Willie Nelson singles chronology
| "River Boy" (1964) | "I Never Cared For You" (1964) | "Pretty Paper" (1964) |

= I Never Cared for You =

"I Never Cared For You" is a song written by country music singer Willie Nelson. Nelson recorded the song during his stint with Monument Records, and eventually became his only single released by the label.

While the release failed to achieve national success, it was well received in Texas. Nelson re-recorded the song and included it in several album releases.

==Background and recording==
By early 1964, Nelson left Liberty Records after the release of his debut album, ...And Then I Wrote. At the time, Nelson was approached by Chet Atkins of RCA Records, who talked to him about the possibility of being signed by the label. Ultimately, Nelson decided instead to join Monument Records.
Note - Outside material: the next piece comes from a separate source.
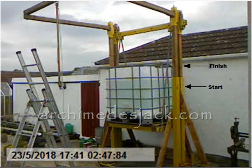Video 17 continues after the containers are again topped up with sand and the load level increased further by adding even more water to the bulk container.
The first session with the label, on July 6 produced by Fred Foster resulted in a failure. Foster's initial idea for the three-song session included French horns, trumpets and xylophones. For the following session in the third week of July that produced "I Never Cared For You", Foster stripped the band down to a guitar, bass, drums and a saxophone.

The musicians included classical guitar player David Parker, bassist Bob Moore, drummer Jack Greubel, and saxophonist Boots Randolph. During the recording, Moore complained that Nelson broke meter constantly, and that he was impossible to follow. Foster, meanwhile instructed him to stop playing, and told him that he would later overdub the bass.

==Release and reception==
Backed with "You Left Me (A long Time Ago)" on the B-side, "I Never Cared For You" was released in October 1964. It became the only single that Nelson released on Monument Records. The complex nature of the lyrics at the time did not favor its reception on the Country and Western market. The single flopped on the national market, while it became a local hit in Texas, enjoying major success in Houston. Nelson soon after resumed talks with Chet Atkins, and left Monument to join RCA Records.

The song became a recurrent track in Nelson's albums. He released new versions of the song with his albums Me & Paul, A Horse Called Music, Teatro and December Day.